Entretanto, com aumento dos valores, principalmente para a União Federal, podemos ter processos com sentença ilíquida contrária à União, mas que evidentemente não discutem valores na casa de R$ 1 milhão (aproximadamente 1.000 salários mínimos). Nesses casos, em que apesar da iliquidez, a condenação ou o proveito econômico obtido na causa certamente não alcança esses patamares, seria cabível a Remessa Necessária?

Mesmo nesses casos, a doutrina entende que deve ocorrer a devolução oficial. Nesse sentido é o entendimento de João Francisco Naves da Fonseca: “(…) as decisões ilíquidas, independentemente do valor envolvido, não estão dispensadas da devolução oficial (Súmula 490 do STJ)”3.

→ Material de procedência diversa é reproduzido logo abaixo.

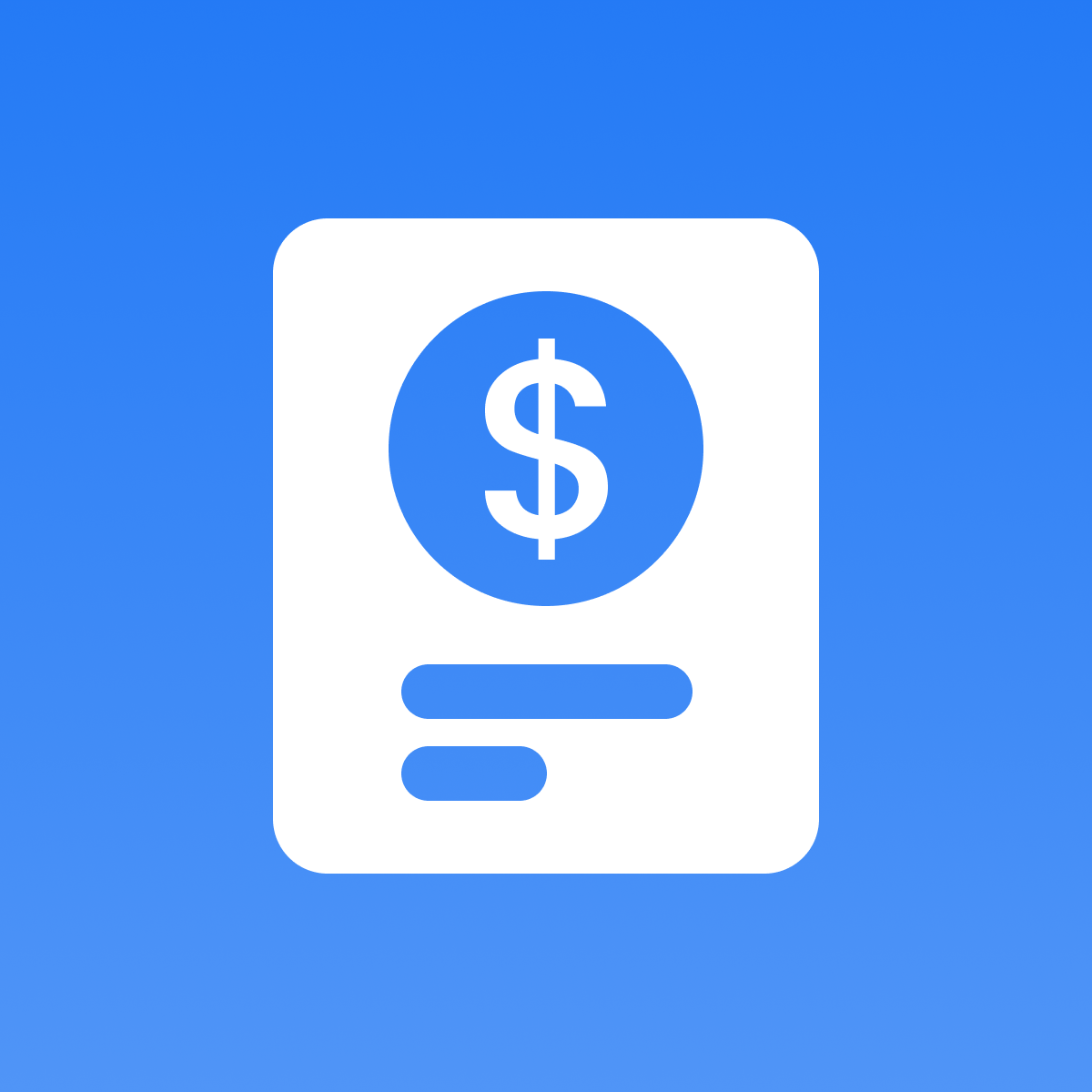 Request a Quote Hide Price B2B Shopify App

Nesse mesmo sentido é o entendimento do Superior Tribunal de Justiça:

“PROCESSUAL CIVIL. RECURSO ESPECIAL. SENTENÇA ILÍQUIDA. CONDENAÇÃO DA FAZENDA PÚBLICA. REMESSA NECESSÁRIA. OBRIGATORIEDADE. ENTENDIMENTO CONSOLIDADO NO JULGAMENTO DO RESP 1.101.727/PR, SUBMETIDO AO REGIME DO ARTIGO 543-C DO CPC/1973.

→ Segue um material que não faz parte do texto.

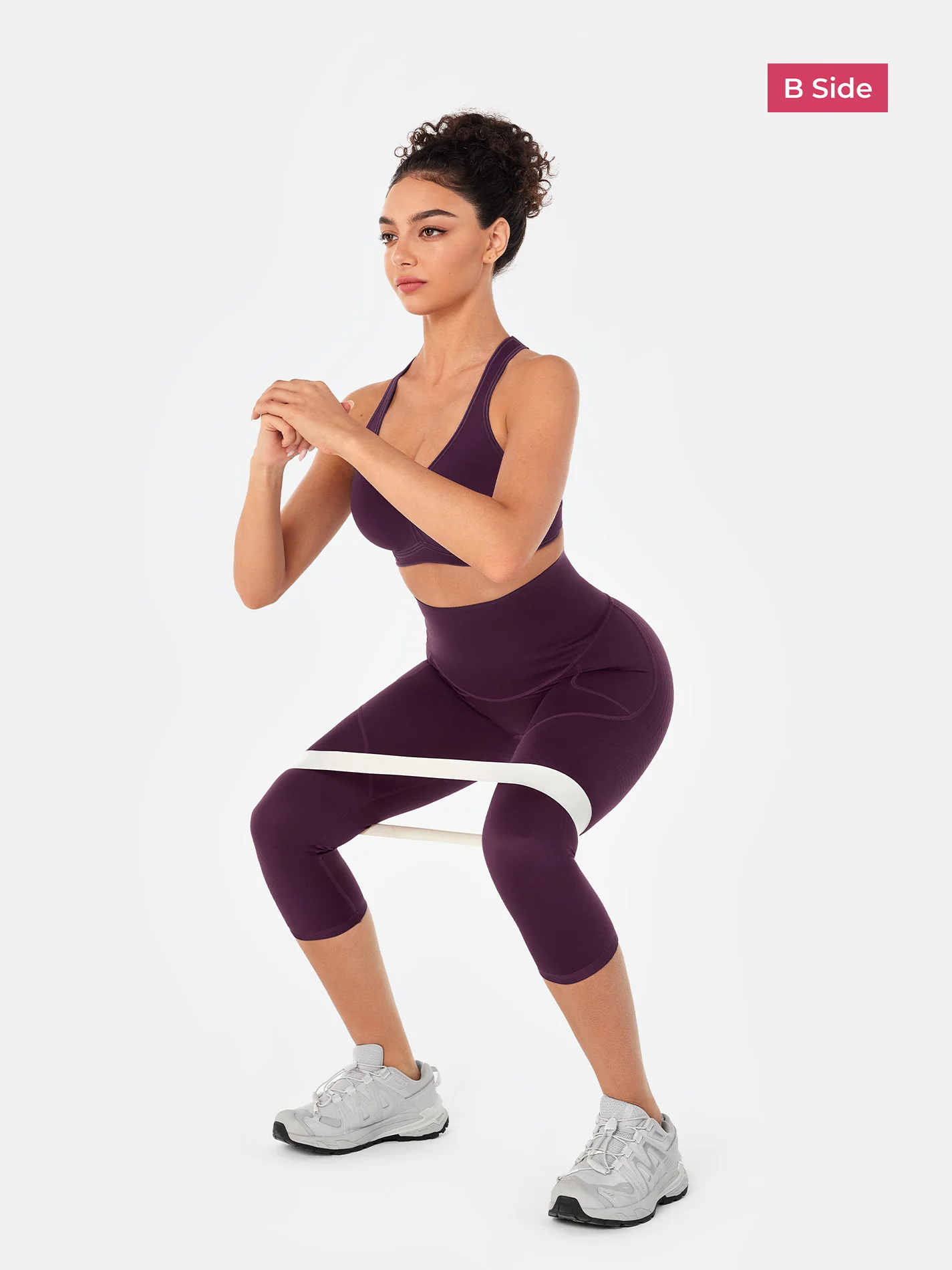 Product image 53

  1. A Corte Especial, no julgamento do REsp 1.101.727/PR, proferido sob o rito do art. 543-C do CPC/1973, firmou o entendimento de que é obrigatório o reexame da sentença ilíquida proferida contra a União, os Estados, o Distrito Federal, os Municípios e as respectivas autarquias e fundações de direito público (art. 475, § 2º, CPC/73).
  2. Na esteira da aludida compreensão foi editada a Súmula 490 do STJ: “A dispensa de reexame necessário, quando o valor da condenação ou do direito controvertido for inferior a sessenta salários mínimos, não se aplica a sentenças ilíquidas”.
  3. A dispensa do exame obrigatório pressupõe a certeza de que a condenação não será superior ao limite legal estabelecido, seja no art. 475 do CPC/1973, seja no artigo 496 do CPC/2015.
  4. Verifica-se, assim, que o acórdão do Tribunal regional divergiu da orientação do STJ quanto ao cabimento do reexame necessário, pois considerou, por estimativa, que o valor da condenação não excederia 1.000 (mil) salários mínimos.
  5. Recurso Especial provido.”

(REsp 1741538/PR, Rel. Ministro HERMAN BENJAMIN, SEGUNDA TURMA, julgado em 05/06/2018, DJe 23/11/2018)

Portanto, cabe ao particular, que teve uma sentença ilíquida prolatada em face do ente público, provocar a Remessa Necessária do referido julgado, mesmo que não prevista na sentença, sob pena de não obter o trânsito em julgado4.

__________

1 Súmula 490 do STJ: “A dispensa do reexame necessário, quando o valor da condenação ou do direito controvertido for inferior a sessenta salários mínimos, não se aplica a sentenças ilíquidas”. Dessa forma restou superado o entendimento de que “caso não seja líquida a condenação, o parâmetro deve ser o valor da causa” (AgRg no RESP nº 1.067.559/PR, Rel. Min Napoleão Nunes Maia Filho, 5ª Turma, in DJe de 13/04/2009).

2 Mirna Cianci defende que “Com essa redação, torna razoável supor que sentenças em ações sem cunho condenatório ou sem conteúdo econômico estarão sujeitas, de modo inequívoco, ao reexame obrigatório, por não ser o valor da causa parâmetro para a aferição”. (Comentários ao Código de Processo Civil, vol. 2, coord. Cássio Scarpinella Bueno, São Paulo: Saraiva, 2017, p. 462).

3 Comentários ao Código de Processo Civil, vol. IX, São Paulo: Saraiva, 2017, p. 97.

4 Súmula nº 423 do STF: “Não transita em julgado a sentença por haver omitido o recurso “ex-officio”, que se considera interposto “ex-lege”.”